=== Data records ===

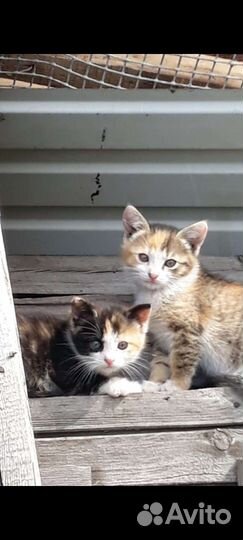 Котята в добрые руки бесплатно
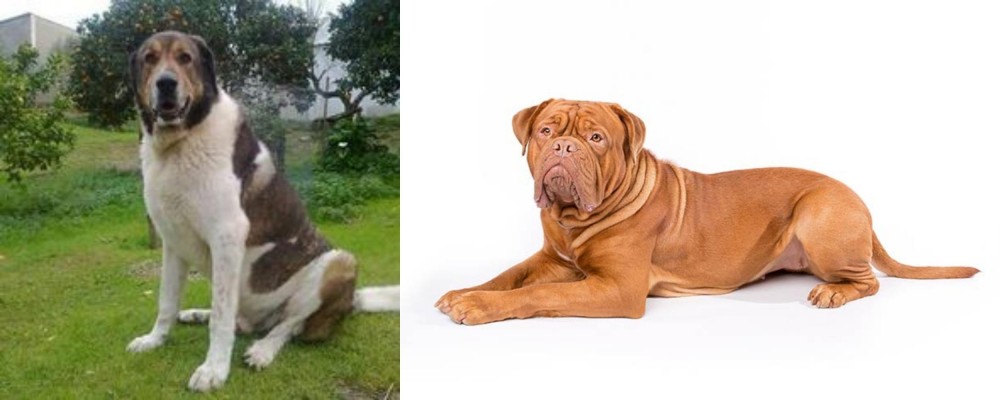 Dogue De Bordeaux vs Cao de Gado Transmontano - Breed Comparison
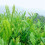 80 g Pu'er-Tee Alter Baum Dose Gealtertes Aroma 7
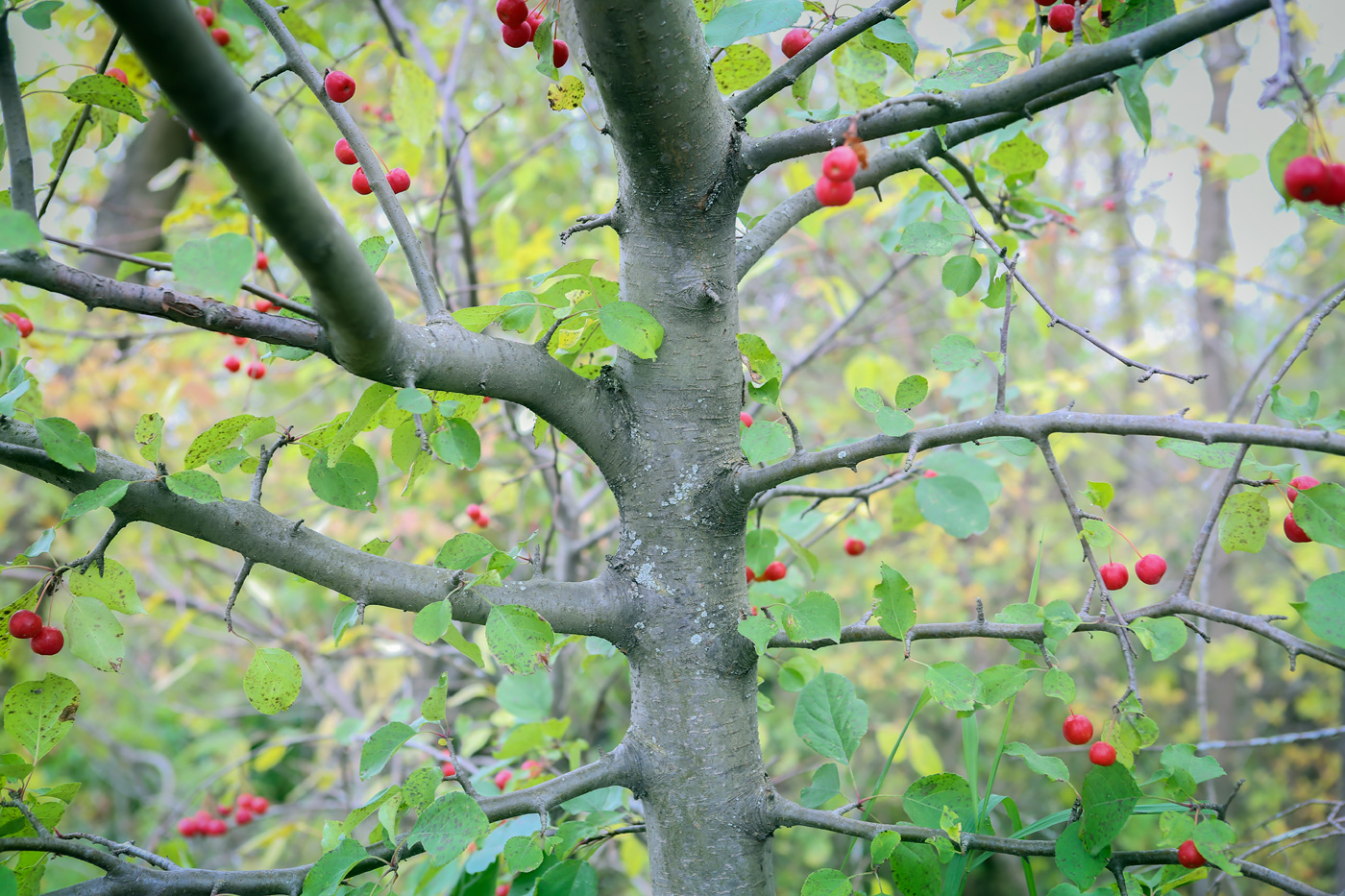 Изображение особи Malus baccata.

===
=== Data records ===

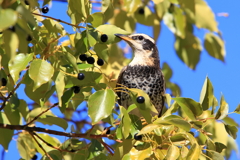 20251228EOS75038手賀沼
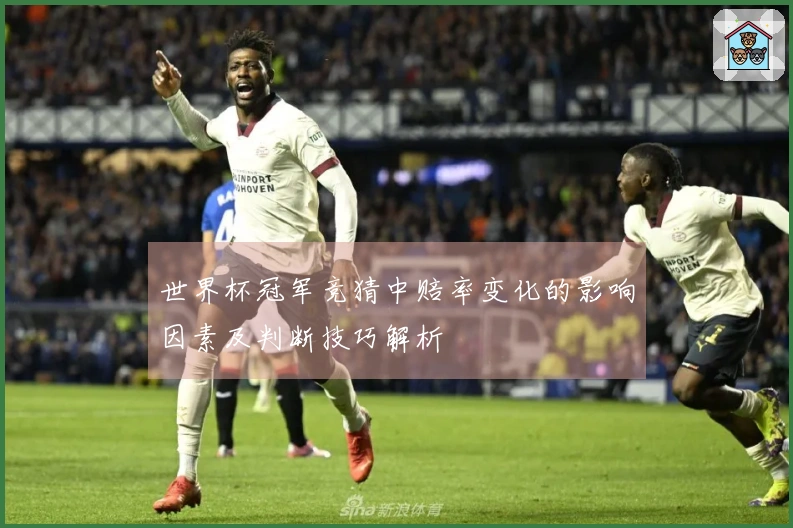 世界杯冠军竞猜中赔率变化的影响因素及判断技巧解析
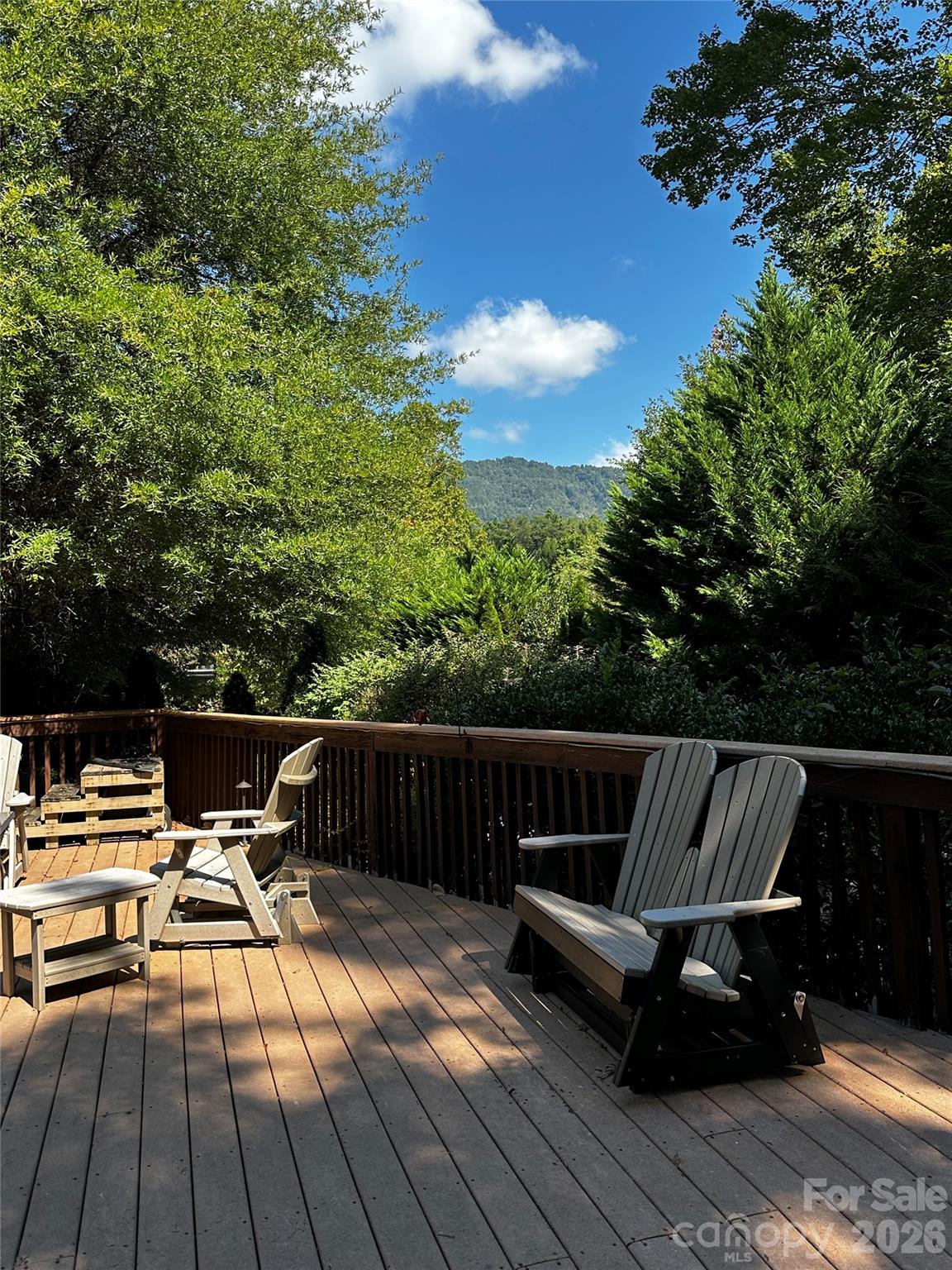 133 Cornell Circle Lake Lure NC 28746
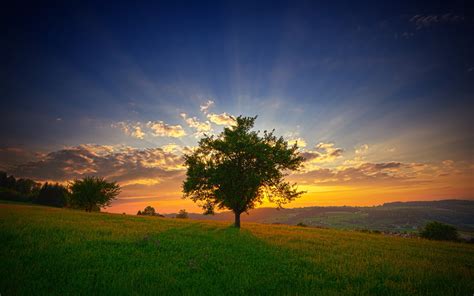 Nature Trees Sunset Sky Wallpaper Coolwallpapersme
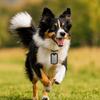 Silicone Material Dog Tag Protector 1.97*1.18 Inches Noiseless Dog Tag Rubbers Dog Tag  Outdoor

===

### [Task to carry out]
Extract, without any images, the part of the material above that opens with the line containing "Котята в добрые руки бесплатно" and closes with the line containing "Изображение особи Malus baccata.", both lines included.

### [The answer]
 Котята в добрые руки бесплатно
 Dogue De Bordeaux vs Cao de Gado Transmontano - Breed Comparison
 80 g Pu'er-Tee Alter Baum Dose Gealtertes Aroma 7
 Изображение особи Malus baccata.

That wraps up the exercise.